-- Opening Marker --

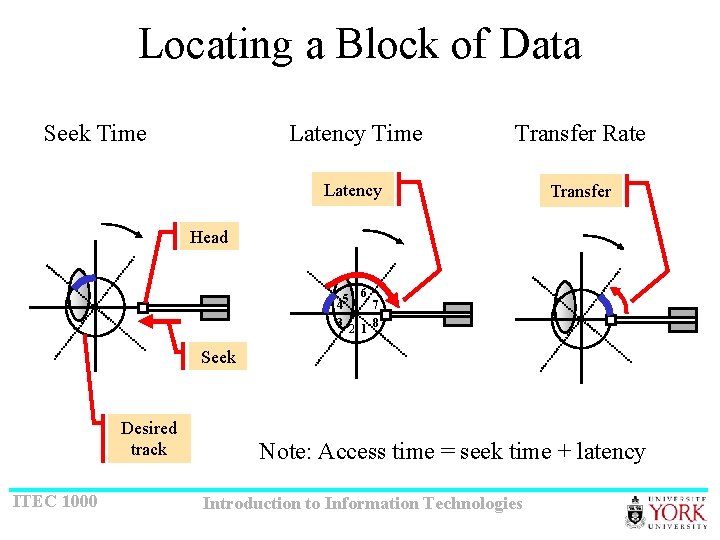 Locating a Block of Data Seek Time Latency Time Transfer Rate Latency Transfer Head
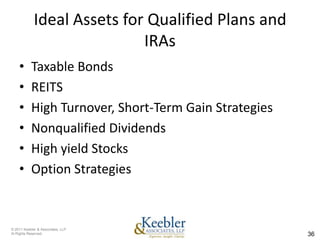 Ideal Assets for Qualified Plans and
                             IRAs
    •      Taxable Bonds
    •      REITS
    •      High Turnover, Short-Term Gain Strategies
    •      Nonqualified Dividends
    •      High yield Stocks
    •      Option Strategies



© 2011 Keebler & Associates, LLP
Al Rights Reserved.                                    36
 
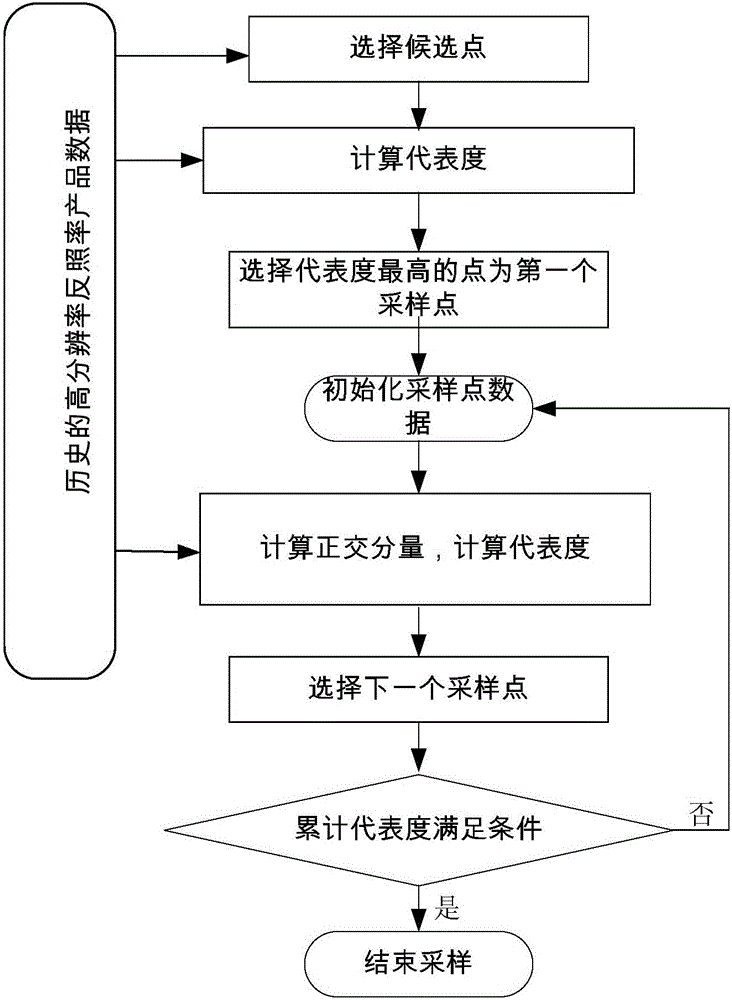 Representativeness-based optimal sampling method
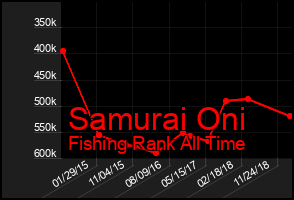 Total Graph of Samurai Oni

-- Closing Marker --
-- Opening Marker --

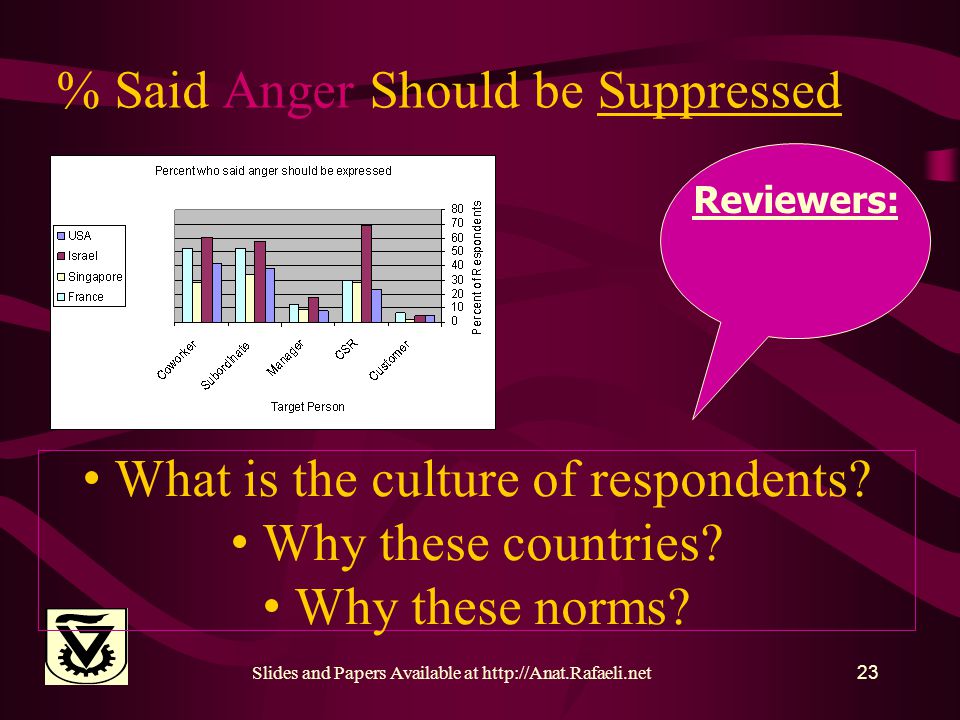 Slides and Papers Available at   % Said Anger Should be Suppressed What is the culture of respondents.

-- Closing Marker --

(Problem to work on): Transcribe only the lines above that start at the line containing "High yield Stocks" and end at the line containing "Total Graph of Samurai Oni". Omit pictures.

(Answer for this exercise):
    •      High yield Stocks
    •      Option Strategies



© 2011 Keebler & Associates, LLP
Al Rights Reserved.                                    36
 
 Representativeness-based optimal sampling method
 Total Graph of Samurai Oni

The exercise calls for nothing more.